BIALLA, Papua New Guinea - The Japanese fighter caught the American pilot from behind, riddling his plane with machine-gun rounds. The left engine burst into flames. It was time to bail out.

He yanked on the release lever but the cockpit canopy only half-opened. He unbuckled his seat belt, rose to shake the canopy loose and was instantly sucked out.

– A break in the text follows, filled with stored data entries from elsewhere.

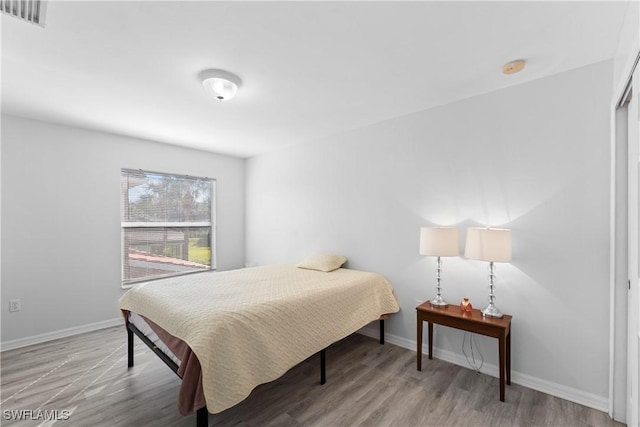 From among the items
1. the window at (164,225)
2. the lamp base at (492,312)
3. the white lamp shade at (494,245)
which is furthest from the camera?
the window at (164,225)

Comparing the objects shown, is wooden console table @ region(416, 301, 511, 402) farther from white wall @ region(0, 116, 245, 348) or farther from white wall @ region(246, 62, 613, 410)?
white wall @ region(0, 116, 245, 348)

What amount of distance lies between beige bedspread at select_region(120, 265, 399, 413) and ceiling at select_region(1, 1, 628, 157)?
170 centimetres

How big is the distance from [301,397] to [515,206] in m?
2.28

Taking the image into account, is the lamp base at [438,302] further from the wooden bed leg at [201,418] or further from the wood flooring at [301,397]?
the wooden bed leg at [201,418]

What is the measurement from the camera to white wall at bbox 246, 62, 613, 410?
2053 millimetres

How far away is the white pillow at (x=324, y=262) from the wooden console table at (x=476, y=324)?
111 cm

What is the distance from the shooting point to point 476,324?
221cm

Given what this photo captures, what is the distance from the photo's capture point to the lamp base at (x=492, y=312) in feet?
7.39

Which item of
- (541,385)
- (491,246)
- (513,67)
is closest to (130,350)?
(491,246)

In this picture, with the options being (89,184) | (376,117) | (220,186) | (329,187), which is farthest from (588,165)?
(89,184)

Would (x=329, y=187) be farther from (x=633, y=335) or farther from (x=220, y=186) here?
(x=633, y=335)

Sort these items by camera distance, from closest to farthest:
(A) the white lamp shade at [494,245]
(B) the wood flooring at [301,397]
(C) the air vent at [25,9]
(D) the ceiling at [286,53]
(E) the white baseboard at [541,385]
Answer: (C) the air vent at [25,9] → (D) the ceiling at [286,53] → (B) the wood flooring at [301,397] → (E) the white baseboard at [541,385] → (A) the white lamp shade at [494,245]

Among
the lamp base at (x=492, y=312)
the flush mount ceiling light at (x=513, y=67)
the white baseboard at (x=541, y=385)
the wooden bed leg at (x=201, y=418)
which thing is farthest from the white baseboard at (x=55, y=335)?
the flush mount ceiling light at (x=513, y=67)

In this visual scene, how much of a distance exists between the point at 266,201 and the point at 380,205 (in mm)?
2100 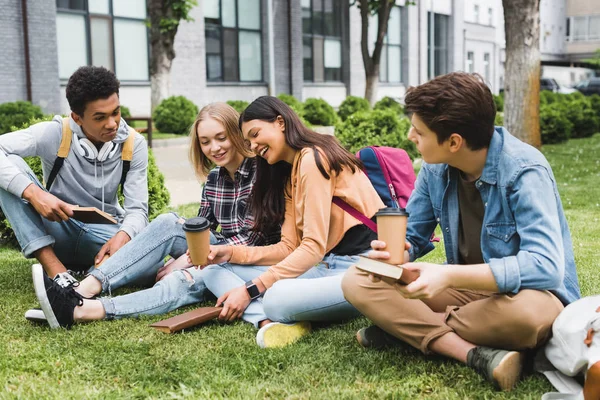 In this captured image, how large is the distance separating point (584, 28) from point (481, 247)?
60.6 metres

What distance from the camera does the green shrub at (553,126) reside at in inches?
627

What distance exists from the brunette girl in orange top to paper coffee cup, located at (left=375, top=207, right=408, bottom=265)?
0.93 m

Swinging beneath his opened parachute, he plunged toward a Pacific island jungle of thick, towering eucalyptus trees, of crocodile rivers and headhunters, into enemy territory, and into an unimagined future as a hero, "Suara Auru," Chief Warrior, to generations of islanders yet unborn.

5 Comments

Thank you much, for linking this. Woody
 
What Woody said, Kat. This is a great story.
 
Thank you, Kat. What a terrific story!
 
That was lovely. Thanks for linking it...
 
I'll add my thanks to the others here: what a wonderful story, Kat. I wrote something a few years ago for a Toronto paper for the 60th anniversary of D-Day. One of the things I talked about was how losing our WWII veterans was affecting our society. Not just because of the war they fought and won on our behalf, but because of how so many of them lived their lives after that seminal experience as a young person. We're losing their unparalleled generational track record of community and public service. Oh, there are some in the current generation who are made of the same stuff as those from sixty years ago. With his service clubs, community work, charitable work, and even committee work for a local politician, I'd number this site's owner as one of them. But there aren't as many of those type of people in this generation as there were in my grandfather's. I applaud Fred Hargesheimer, and I wonder where we'll be when the last of his generation has left us.